Die GEW hat im Dezember eine eigene Vorschlagsliste mit 15 Punkten vorgestellt, wie der Bedarf an Lehrkräften gedeckt werden könnte. Die sich natürlich radikal von der Notlösung der Kultusminister unterscheidet.

Linke-Kritik: Wer Lehrkräfte will, muss Freiheit und gute Arbeitszeiten bieten

Auf den grundlegenden Denkfehler in der Vorschlagsliste der Kultusministerkonferenz weist auch die bildungspolitische Sprecherin der Linksfraktion, Luise Neuhaus-Wartenberg, hin. Denn dahinter steckt das alte und fatale Denken der konservativen Finanzminister, die fest davon überzeugt sind, dass die Menschen immer zu wenig arbeiten. Man kann es auch deutlicher formulieren: Es ist das falsche Bild vom „faulen Lehrer“.

Dass der aber in ein enges Korsett gepresst wird, das Wissen und Bildung nicht als ganzheitliches Konzept versteht, sondern als Fließbandarbeit für genormte Karrieren, werden diese Leute wohl nie verstehen. Und dass dieses Lieferprogramm für Bausteinwissen den Beruf geradezu unattraktiv macht, ebenfalls nicht.

„Die Empfehlungen der KMK sind wirklich hanebüchen. Ich schließe mich der Einschätzung der GEW an. Die Staatsregierung muss alle zumutbaren Mittel ausschöpfen, um mehr Lehrkräfte zu gewinnen. Die beste Werbung für den Lehrkraftberuf sind aber weder Mehrbelastung noch Einschränkungen, sondern gute Arbeitsbedingungen, Gestaltungsfreiheit und Freude“, sagt Luise Neuhaus-Wartenberg.

„Empfehlungen wie größere Schulklassen und mehr Druck, in Vollzeit zu arbeiten, gehen in die falsche Richtung.
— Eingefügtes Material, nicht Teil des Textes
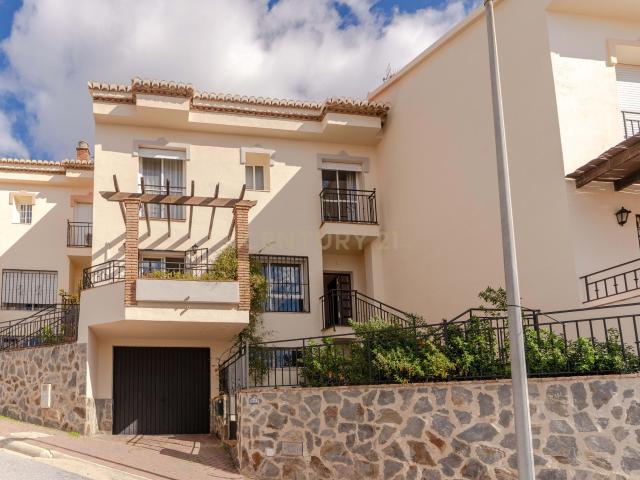 Casa adosada en Calle Palmito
Die Entscheidung über die eigene Arbeitszeit hängt doch immer von den individuellen Lebensumständen ab. Sachsens Lehrkräfte arbeiten schon jetzt zu viel.“

Die Linke plädiere stattdessen für mehr Sensibilität und Kreativität.

„Es fängt damit an, wie das Landesamt für Schule und Bildung Bewerberinnen und Bewerber anspricht und mit ihnen umgeht. Es geht weiter mit echter Entschlackung, damit Lehrkräfte tatsächlich vor allem unterrichten können“, sagte die Bildungspolitikerin. „Noch mehr nicht-pädagogisches Personal muss ihnen etwa administrative, technische und Kommunikationsaufgaben abnehmen. Ausländische Abschlüsse und Leistungen sollen leichter anerkannt werden. Außerschulische Lernorte wie Bibliotheken, Museen, Konzerthäuser oder Forschungszentren, externe Bildungsträger sowie Akteurinnen und Akteure aus der Berufspraxis sollten in die Unterrichtsgestaltung einbezogen werden. Zudem braucht es attraktive Beschäftigungsangebote für Lehrkräfte im Ruhestand und Lehramtsstudierende als Unterrichtsaushilfen.“

Spannend findet die zumindest die Empfehlung, stärker auf Hybridunterricht und Selbstlernzeit zu setzen.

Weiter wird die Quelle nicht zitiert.